中華街カレーと言えばココ!『保昌』の「牛バラ肉カレーご飯」

「保昌」の「牛バラ肉カレーご飯」990円(※価格は全て税込)
「保昌」の「牛バラ肉カレーご飯」990円(※価格は全て税込)

 横浜中華街の中でも「カレーの名物店」として名前が上がるのが『保昌』。店内の壁には無数の芸能人のサインが飾られ、その多くに「カレー美味しかったです!」といったコメントも添えられています。もちろん筆者も名物「牛バラ肉カレーご飯」をオーダー。オーダーからサーブされるまで、なんと45分も待ちましたが、日頃からこれほどの時間がかかるのかは謎です

 しかし、サーブされた「牛バラ肉カレーご飯」のビジュアルを見て感激。ゴロッとした牛バラ肉の塊が複数も入っているではないですか! さっそくいただくと、中華感はほとんどなく、本格欧風カレーの風味。甘くとろけた玉ねぎの味と、口に入れるとホロリとほどける食感の牛バラ肉は、なるほど美味です。そして、やや甘口で優しい味でありながらも、奥のほうで複雑なスパイス感が溶け合うように感じることもできました。

ゴロッとした牛バラ肉の塊が複数入っています
ゴロッとした牛バラ肉の塊が複数入っています

 カレー専門店をも凌駕するハイクオリティの味わいを、中華風卵スープと一緒にいただく不思議なバランスもヤミツキになるかも。かなり美味しい「牛バラ肉カレーご飯」でした。なお、『保昌』ならではのメニューは、カレーだけでなく、もう一つの名物が「中華風海鮮タコ焼き」だそうです。横浜中華街変化球的メニューをいただけるのも『保昌』が多くの人から支持を受ける理由のようにも思いました。

●SHOP INFO

店名:保昌

住:神奈川県横浜市中区山下町138
TEL:050-5570-5464
営:11:00~15:00、16:30~21:30、土・日曜10:30~21:30
休:不定休

外観からは予測不可能!『鳳林』の裏メニューデカ盛り「カツカレー」

『鳳林』の「カツカレー(中)」1045円
『鳳林』の「カツカレー(中)」1045円

 続いてのお店は、横浜中華街の山下町公園(山下公園ではなく小さな公園)付近にある『鳳林』。外観は、普通の中華料理店で、メニューにも「カレー」の文字はありません。しかし、「カレーありますか?」と店員さんに聞くと、「『カツカレー』があります。大・中・小ありますが、どれにしますか?」と尋ねてきました。「うーん、じゃあ中でお願いします」とお願いしましたが、ほどなくしてサーブされたそれを見て驚愕。なんと、軽く2人前はあろうかというほどのデカ盛りでした。

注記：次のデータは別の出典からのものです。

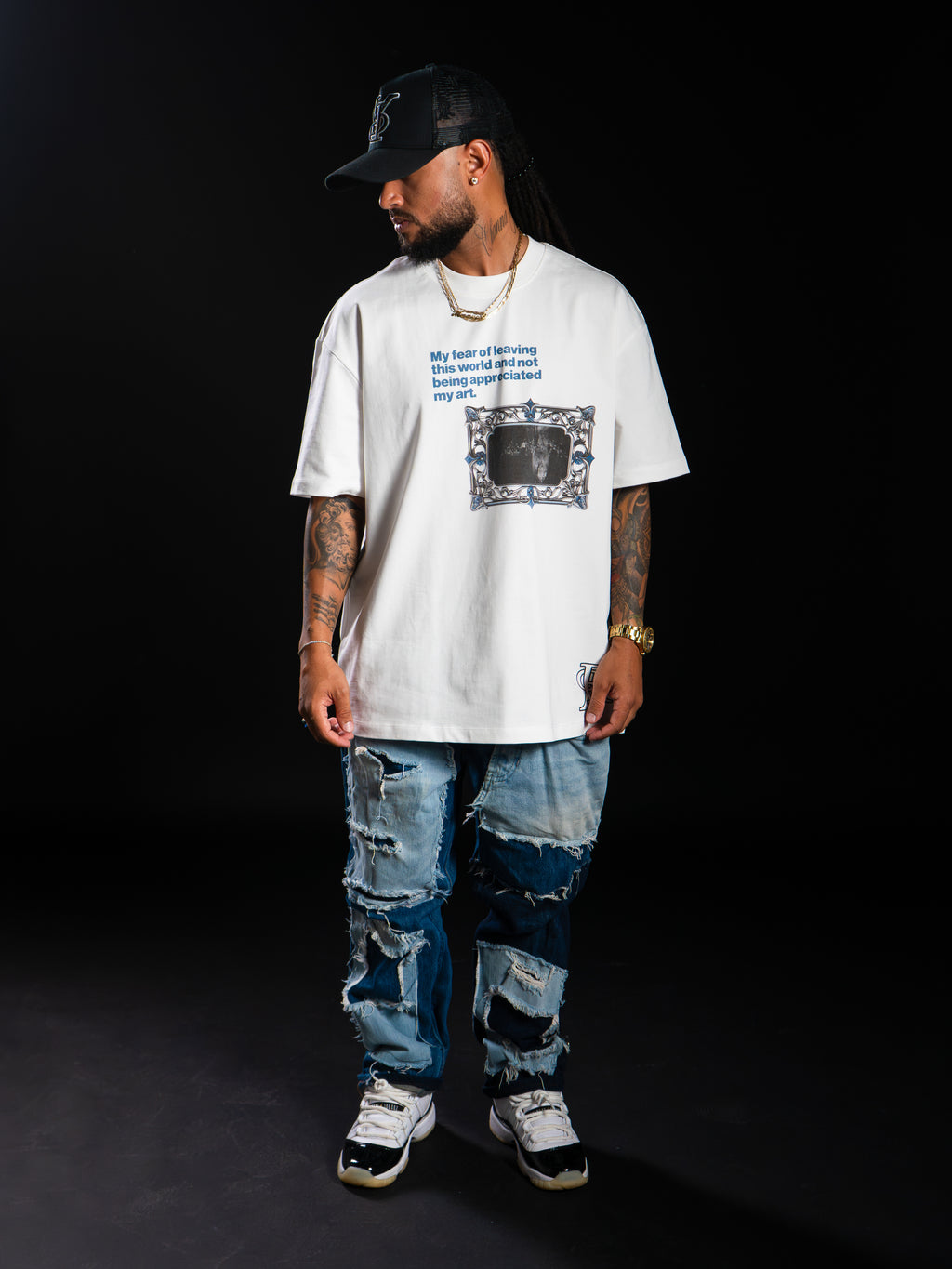 “‘my feaRR” T-SHIRT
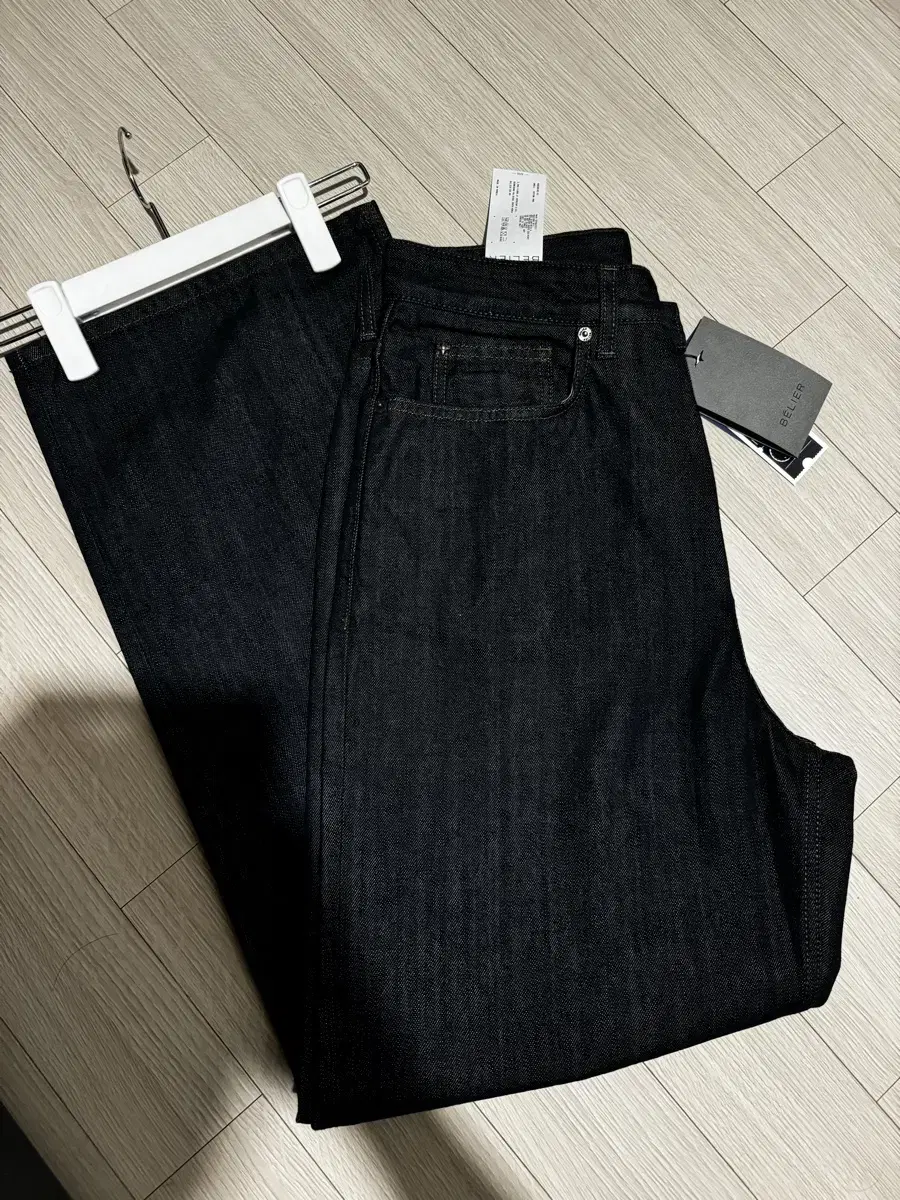 Belie True Wide Low Indigo 30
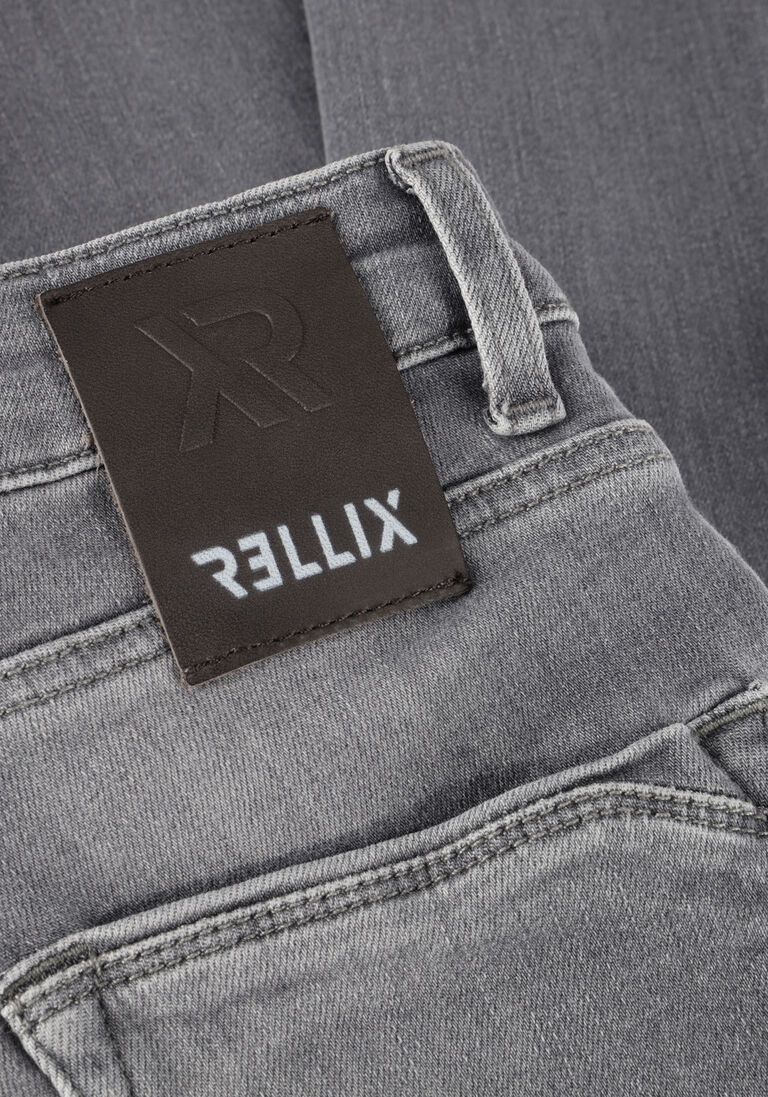 RELLIX grijze rellix  dean tapered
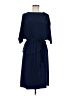 T Tahari Blue Casual Dress Size M - photo 1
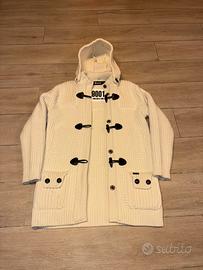 Bark bianco giubbotto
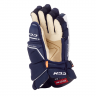 Перчатки CCM Super Tacks AS1 JR navy/white - Перчатки CCM Super Tacks AS1 JR navy/white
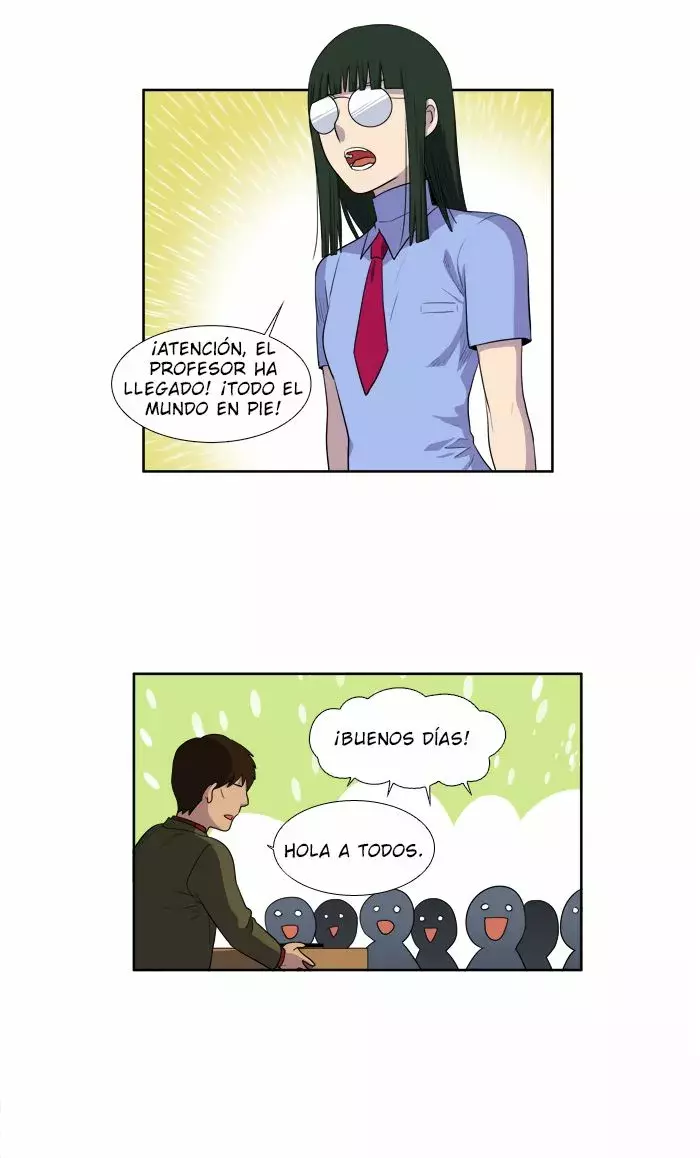 Read The Gamer Es Manga Online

2人前は軽くありそうなボリューム感で、さらにサラダや杏仁豆腐もついてきます
2人前は軽くありそうなボリューム感で、さらにサラダ杏仁豆腐もついてきます

 まん丸で両手でなければ抱えることができない巨大な皿に、デデーンと注がれたボリューム満点のカレーがたっぷりかけられています。そして、ライスの上にはこれまた手のひらほどの大きさはありそうなトンカツが鎮座しています。さっそくいただくと、味は日本人に馴染み深い家庭的なカレーで実にまろやか。とんかつも日本のそれであり、中華感はほぼ感じませんでした。

 おそらくは、当初は地元のコックさんたち向けに出していたものが、一般にも広がり、メニューには載せないもののレギュラー化しているカレーなのではないかと思いました。その優しい味わいと物量感に、同胞コックたちを思う良心を感じ、なんだかほっこりした気持ちで店を後にしました。

●SHOP INFO

店名:鳳林

住:神奈川県横浜市中区山下町187
TEL:045-662-2225
営:11:30~15:00、17:00~21:00 土・日曜11:00~21:00
休:水曜

平日限定の中華式カレー!『同發本館』の「排骨カレー」

『同發本館』の「排骨カレー」1320円
『同發本館』の「排骨カレー」1320円

 横浜中華街の大通りに店を構える老舗高級店『同發本館』。こちらもメニューに記載はないものの、平日限定の裏メニューとして「排骨カレー」がオーダーできます。「排骨」とはそもそも、豚の骨付き肉をカレー粉などのスパイスにまぶし、揚げた料理。スパイスを使った料理が、カレーに合わないはずがありません。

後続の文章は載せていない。